对方正是格格府大酒店的凌清扬,她今天的装束十分奇特,穿了一件中式淡蓝色调白花格的对襟上装,头发绾起梳在了脑后,神情也显得有些异样。
就在四目相视的一刹那,凌清扬已经全然明白:秦伯翰意识非但没有丧失,而且十分清醒:自己这身装束,无疑已经撞开了他二十多年前记忆的门扉,她的目的达到了。
原来,凌清扬从郭煌那里得知秦伯翰重伤住院的消息,便决定来看他。临出发前,她特意打扮了一下自己,穿了一件旧式的衣服,绾起发髻和平时的装束判若两人,连郭煌都觉得十分奇怪。

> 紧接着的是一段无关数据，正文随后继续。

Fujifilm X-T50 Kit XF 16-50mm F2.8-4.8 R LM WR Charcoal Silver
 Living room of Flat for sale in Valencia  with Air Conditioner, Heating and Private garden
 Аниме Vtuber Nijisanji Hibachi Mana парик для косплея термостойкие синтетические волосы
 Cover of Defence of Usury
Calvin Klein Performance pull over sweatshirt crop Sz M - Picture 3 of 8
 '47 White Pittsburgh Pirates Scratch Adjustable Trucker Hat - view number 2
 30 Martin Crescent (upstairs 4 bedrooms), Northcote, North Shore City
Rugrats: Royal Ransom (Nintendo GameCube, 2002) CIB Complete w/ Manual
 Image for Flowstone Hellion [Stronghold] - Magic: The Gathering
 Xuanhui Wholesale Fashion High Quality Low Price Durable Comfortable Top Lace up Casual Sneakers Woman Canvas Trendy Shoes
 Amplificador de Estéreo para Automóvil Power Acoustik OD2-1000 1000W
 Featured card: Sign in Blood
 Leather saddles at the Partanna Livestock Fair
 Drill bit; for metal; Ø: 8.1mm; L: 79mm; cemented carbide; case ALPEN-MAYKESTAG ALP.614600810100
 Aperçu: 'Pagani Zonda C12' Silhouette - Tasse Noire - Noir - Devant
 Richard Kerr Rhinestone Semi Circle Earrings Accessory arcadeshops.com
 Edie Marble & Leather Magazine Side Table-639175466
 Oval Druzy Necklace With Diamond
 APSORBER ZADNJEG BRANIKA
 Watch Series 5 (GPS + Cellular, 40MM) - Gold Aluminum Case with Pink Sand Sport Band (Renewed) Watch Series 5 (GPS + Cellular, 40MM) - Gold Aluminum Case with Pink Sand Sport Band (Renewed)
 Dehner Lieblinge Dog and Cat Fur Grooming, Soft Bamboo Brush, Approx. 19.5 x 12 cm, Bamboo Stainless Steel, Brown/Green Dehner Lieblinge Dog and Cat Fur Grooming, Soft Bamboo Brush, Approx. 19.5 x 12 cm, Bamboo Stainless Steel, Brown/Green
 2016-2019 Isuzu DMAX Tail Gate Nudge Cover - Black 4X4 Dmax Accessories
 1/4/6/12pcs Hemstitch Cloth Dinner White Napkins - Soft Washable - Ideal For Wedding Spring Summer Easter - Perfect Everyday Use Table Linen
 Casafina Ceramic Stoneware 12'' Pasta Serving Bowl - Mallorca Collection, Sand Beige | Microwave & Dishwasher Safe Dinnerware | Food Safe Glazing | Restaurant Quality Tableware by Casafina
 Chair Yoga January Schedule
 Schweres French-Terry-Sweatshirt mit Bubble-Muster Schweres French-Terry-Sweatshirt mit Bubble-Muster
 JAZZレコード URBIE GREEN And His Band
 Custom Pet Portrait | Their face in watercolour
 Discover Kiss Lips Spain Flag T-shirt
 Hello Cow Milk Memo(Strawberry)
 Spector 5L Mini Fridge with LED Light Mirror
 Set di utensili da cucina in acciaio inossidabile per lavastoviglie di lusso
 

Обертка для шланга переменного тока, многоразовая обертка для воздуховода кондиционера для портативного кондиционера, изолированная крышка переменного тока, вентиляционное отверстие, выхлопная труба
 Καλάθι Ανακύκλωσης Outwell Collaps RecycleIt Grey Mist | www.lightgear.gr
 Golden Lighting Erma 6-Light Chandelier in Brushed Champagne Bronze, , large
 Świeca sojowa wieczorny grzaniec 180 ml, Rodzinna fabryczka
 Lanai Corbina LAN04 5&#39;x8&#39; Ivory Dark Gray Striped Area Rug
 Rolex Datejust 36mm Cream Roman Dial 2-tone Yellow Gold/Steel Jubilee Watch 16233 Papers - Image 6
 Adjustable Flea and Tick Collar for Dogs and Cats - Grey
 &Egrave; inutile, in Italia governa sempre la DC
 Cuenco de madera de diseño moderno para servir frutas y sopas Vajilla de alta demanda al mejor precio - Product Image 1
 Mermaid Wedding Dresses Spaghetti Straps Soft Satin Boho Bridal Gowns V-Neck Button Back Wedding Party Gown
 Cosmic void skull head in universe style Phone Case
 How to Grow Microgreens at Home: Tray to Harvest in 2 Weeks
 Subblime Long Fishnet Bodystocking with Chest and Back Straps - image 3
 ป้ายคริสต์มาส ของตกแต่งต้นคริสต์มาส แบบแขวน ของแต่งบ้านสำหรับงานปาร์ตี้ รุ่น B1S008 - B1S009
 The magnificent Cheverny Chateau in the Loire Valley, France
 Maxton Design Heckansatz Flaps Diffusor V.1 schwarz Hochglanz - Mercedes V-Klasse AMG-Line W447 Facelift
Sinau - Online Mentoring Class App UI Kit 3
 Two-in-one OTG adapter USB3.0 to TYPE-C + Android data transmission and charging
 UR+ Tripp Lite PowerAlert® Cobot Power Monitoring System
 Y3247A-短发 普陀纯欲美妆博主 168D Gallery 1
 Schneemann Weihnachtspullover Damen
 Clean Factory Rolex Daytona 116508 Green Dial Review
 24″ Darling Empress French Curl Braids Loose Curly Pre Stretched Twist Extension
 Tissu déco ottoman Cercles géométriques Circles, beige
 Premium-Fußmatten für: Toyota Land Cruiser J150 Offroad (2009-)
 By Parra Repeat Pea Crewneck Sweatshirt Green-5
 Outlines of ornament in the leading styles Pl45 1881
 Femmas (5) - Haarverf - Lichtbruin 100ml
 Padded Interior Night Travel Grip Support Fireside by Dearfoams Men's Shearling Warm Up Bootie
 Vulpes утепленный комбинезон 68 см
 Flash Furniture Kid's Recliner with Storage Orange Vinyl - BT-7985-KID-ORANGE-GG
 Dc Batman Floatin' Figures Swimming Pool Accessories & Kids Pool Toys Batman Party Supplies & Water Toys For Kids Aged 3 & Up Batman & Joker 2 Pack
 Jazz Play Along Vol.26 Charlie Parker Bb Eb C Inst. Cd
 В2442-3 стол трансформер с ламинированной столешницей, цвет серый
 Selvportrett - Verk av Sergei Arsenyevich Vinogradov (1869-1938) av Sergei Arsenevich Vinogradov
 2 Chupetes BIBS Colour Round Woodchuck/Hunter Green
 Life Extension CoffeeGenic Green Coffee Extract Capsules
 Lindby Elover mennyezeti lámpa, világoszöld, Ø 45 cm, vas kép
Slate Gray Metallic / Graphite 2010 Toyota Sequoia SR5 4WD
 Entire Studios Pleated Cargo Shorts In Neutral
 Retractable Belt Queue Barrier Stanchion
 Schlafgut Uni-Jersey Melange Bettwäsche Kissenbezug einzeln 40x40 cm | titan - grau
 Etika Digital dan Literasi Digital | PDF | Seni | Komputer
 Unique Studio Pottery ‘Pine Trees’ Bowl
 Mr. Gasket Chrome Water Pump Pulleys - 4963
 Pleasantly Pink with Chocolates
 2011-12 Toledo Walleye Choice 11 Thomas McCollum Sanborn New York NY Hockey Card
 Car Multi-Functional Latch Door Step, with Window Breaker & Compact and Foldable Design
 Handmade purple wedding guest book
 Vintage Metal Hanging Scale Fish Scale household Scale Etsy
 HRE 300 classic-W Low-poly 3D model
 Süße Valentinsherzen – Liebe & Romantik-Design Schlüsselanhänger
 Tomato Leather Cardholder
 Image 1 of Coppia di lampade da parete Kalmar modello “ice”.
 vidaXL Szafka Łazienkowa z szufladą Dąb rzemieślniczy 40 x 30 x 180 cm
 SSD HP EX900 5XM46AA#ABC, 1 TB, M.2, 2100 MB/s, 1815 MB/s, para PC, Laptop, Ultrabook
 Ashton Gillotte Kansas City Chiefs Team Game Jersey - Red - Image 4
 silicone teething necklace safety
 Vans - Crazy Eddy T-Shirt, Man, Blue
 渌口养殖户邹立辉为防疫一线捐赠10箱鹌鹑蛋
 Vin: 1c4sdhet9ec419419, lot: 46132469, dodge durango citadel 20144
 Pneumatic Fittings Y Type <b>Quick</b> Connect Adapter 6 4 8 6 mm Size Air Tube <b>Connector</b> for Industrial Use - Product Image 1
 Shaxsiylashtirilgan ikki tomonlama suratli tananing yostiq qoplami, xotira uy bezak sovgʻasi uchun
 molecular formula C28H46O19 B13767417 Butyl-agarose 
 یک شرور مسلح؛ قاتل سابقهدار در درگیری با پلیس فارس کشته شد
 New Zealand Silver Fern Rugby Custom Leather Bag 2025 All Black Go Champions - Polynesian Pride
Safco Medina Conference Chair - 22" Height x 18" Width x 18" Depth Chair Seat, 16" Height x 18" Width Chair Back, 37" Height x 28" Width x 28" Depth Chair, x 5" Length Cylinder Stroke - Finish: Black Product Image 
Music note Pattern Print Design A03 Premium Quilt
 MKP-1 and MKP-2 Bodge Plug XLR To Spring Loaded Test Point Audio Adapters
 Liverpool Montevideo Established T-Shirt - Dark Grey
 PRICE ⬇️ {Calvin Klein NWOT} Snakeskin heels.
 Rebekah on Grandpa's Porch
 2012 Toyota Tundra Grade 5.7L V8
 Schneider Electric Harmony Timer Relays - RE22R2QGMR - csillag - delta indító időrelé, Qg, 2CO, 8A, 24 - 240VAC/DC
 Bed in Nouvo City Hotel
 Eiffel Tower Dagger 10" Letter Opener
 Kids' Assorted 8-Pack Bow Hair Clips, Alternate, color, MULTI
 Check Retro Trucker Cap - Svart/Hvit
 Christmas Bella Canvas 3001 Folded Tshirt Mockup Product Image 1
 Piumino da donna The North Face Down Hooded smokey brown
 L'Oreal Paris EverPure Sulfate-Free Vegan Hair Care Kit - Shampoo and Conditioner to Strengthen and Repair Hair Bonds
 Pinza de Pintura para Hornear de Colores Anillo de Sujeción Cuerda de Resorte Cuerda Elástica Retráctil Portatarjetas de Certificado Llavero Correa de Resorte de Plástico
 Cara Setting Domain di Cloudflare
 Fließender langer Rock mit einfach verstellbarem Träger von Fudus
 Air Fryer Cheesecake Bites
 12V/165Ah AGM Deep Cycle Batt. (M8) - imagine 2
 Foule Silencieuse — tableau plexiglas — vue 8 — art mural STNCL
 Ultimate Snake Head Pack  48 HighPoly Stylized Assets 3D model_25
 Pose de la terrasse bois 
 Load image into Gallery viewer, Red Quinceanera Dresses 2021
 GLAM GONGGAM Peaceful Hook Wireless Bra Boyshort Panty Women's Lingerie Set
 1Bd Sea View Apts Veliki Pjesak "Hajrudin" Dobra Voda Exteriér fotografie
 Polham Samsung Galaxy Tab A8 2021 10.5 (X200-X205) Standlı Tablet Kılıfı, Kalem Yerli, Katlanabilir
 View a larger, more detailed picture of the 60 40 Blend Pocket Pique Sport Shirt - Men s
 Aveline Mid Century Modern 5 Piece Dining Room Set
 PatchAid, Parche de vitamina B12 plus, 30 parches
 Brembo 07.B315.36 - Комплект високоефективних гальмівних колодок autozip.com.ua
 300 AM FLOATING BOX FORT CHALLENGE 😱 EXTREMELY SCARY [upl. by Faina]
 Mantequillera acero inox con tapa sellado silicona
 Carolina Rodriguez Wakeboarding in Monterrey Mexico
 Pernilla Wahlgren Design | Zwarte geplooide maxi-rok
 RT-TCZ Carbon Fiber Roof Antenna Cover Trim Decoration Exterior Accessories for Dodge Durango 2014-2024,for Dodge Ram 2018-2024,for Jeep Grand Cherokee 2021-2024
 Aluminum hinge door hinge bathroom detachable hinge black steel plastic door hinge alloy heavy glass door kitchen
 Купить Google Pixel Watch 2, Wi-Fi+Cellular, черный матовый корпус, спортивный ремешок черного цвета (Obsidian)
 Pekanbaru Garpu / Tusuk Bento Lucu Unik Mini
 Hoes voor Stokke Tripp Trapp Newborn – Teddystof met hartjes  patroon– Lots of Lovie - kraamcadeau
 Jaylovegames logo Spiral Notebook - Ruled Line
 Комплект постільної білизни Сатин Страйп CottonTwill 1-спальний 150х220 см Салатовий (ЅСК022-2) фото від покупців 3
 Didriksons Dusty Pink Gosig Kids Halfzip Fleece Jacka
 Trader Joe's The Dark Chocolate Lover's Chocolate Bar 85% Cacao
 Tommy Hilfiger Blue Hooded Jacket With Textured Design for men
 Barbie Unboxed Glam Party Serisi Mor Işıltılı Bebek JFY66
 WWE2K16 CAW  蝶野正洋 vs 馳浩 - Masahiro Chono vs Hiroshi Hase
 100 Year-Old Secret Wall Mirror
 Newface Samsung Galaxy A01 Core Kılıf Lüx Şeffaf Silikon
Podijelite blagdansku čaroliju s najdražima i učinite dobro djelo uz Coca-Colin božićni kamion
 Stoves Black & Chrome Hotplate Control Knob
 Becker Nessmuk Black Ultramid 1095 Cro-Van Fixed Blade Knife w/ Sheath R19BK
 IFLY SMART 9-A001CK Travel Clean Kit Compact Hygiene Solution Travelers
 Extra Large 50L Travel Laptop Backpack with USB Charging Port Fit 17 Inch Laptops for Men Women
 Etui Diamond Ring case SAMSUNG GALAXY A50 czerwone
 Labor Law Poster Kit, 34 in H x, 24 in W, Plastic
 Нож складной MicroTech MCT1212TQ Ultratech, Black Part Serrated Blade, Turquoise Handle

到了病房之后,他们又遭了主治医师的百般阻挠,好话说尽,勉强才同意他们进去待五分钟。
就在这时,病房进来了一位护士,将托着的药盘放下,和他们做了个十分坚决的示意手势,表示探视的时间已到。凌清扬和郭煌只好站起身,无可奈何地离开了病室。